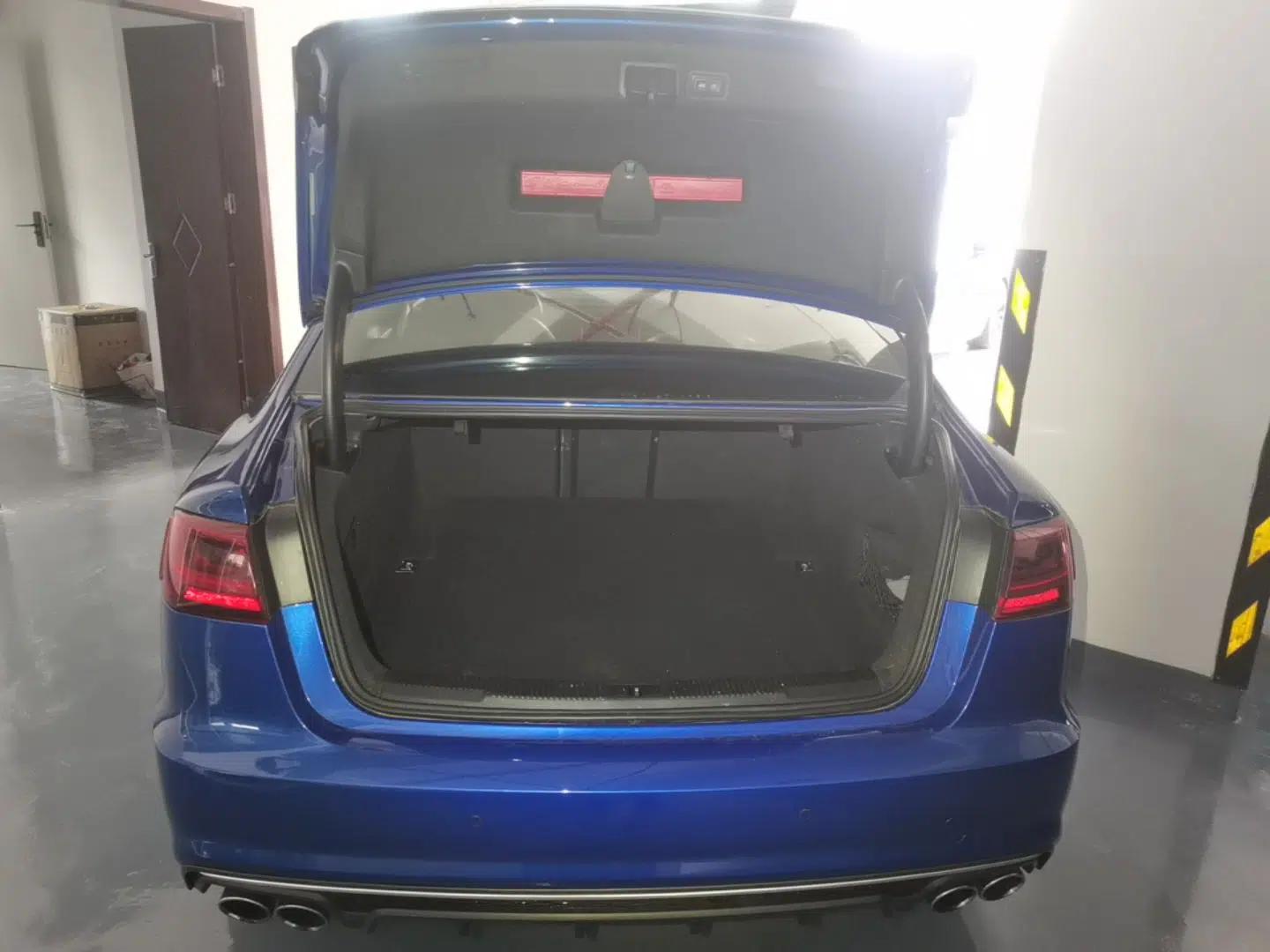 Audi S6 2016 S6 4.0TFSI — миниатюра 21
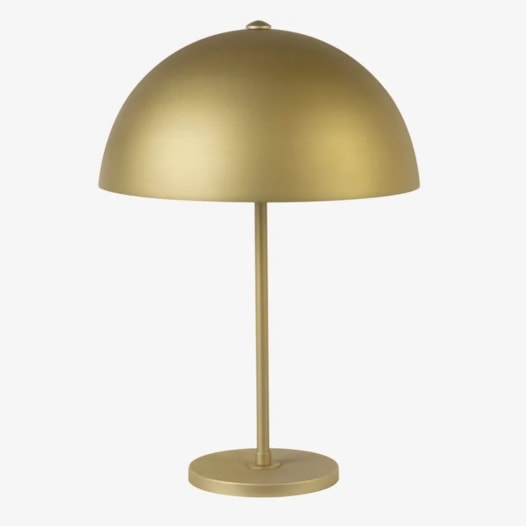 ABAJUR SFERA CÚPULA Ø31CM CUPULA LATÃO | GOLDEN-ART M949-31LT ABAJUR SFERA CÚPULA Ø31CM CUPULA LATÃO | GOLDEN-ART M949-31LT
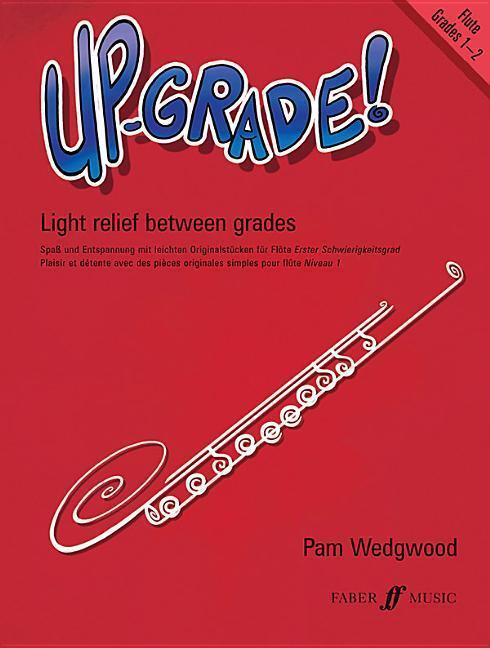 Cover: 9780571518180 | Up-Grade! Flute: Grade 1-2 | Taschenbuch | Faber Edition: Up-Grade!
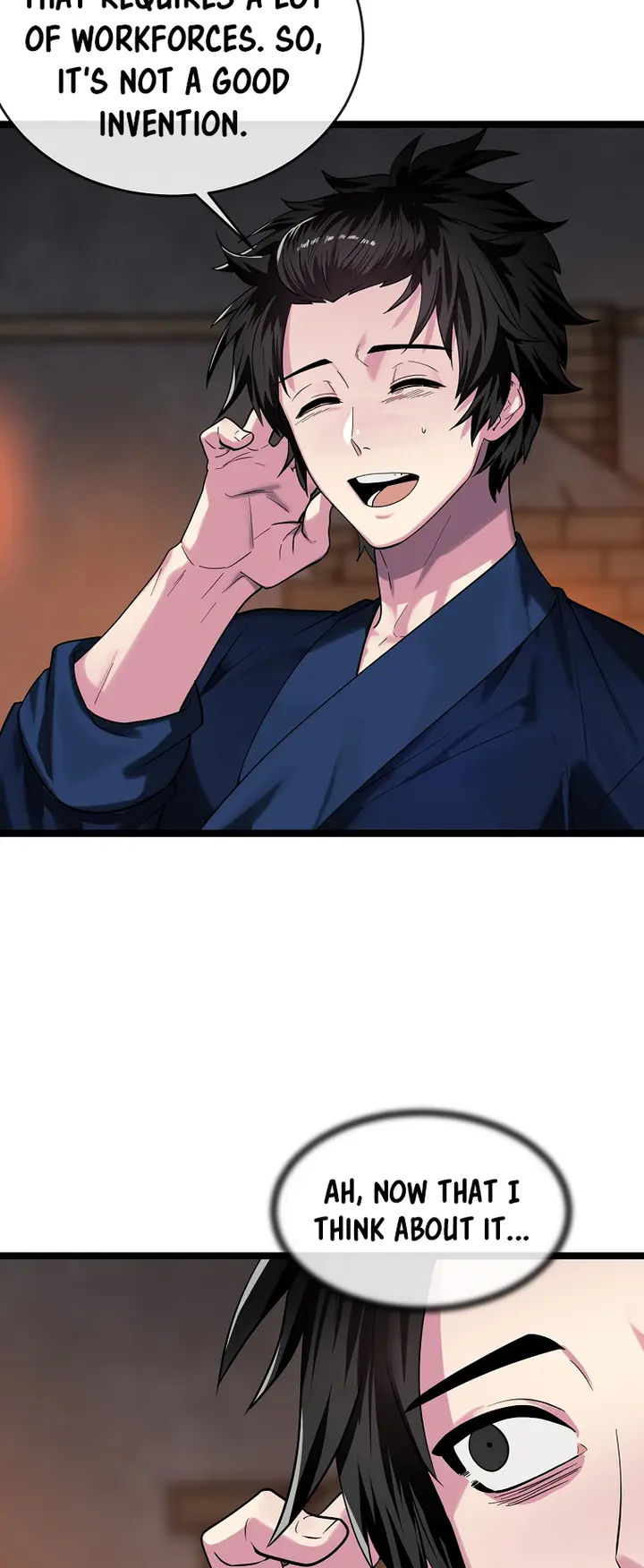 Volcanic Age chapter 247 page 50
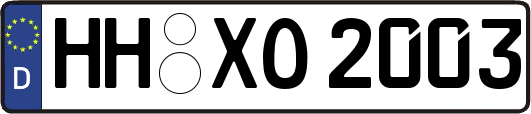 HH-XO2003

+ + + + + + +

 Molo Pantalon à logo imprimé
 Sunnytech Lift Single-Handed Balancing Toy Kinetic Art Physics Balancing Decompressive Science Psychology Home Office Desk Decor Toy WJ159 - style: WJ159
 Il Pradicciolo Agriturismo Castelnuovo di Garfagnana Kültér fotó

+ + + + + + +

■ **EXERCISE OBJECTIVE**
Your answer should consist solely of the lines above from the line with "Sunnytech Lift Single-Handed" to the line with "Il Pradicciolo Agriturismo", both included, reproduced exactly.

■ **WRITTEN RESPONSE**
 Sunnytech Lift Single-Handed Balancing Toy Kinetic Art Physics Balancing Decompressive Science Psychology Home Office Desk Decor Toy WJ159 - style: WJ159
 Il Pradicciolo Agriturismo Castelnuovo di Garfagnana Kültér fotó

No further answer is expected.